## Exercise brief
Output the records below again, precisely as they are written.

BEGIN

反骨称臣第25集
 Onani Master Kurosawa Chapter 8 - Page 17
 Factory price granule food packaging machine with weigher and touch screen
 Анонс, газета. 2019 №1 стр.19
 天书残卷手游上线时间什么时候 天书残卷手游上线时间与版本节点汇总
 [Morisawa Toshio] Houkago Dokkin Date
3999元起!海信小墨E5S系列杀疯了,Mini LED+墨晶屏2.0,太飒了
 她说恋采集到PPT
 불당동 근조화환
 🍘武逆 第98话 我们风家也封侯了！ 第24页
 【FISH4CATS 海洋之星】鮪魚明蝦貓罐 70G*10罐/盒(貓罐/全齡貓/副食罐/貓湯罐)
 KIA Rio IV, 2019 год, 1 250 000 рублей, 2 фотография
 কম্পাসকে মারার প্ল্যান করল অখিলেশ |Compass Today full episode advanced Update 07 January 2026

END

## Response area
反骨称臣第25集
 Onani Master Kurosawa Chapter 8 - Page 17
 Factory price granule food packaging machine with weigher and touch screen
 Анонс, газета. 2019 №1 стр.19
 天书残卷手游上线时间什么时候 天书残卷手游上线时间与版本节点汇总
 [Morisawa Toshio] Houkago Dokkin Date
3999元起!海信小墨E5S系列杀疯了,Mini LED+墨晶屏2.0,太飒了
 她说恋采集到PPT
 불당동 근조화환
 🍘武逆 第98话 我们风家也封侯了！ 第24页
 【FISH4CATS 海洋之星】鮪魚明蝦貓罐 70G*10罐/盒(貓罐/全齡貓/副食罐/貓湯罐)
 KIA Rio IV, 2019 год, 1 250 000 рублей, 2 фотография
 কম্পাসকে মারার প্ল্যান করল অখিলেশ |Compass Today full episode advanced Update 07 January 2026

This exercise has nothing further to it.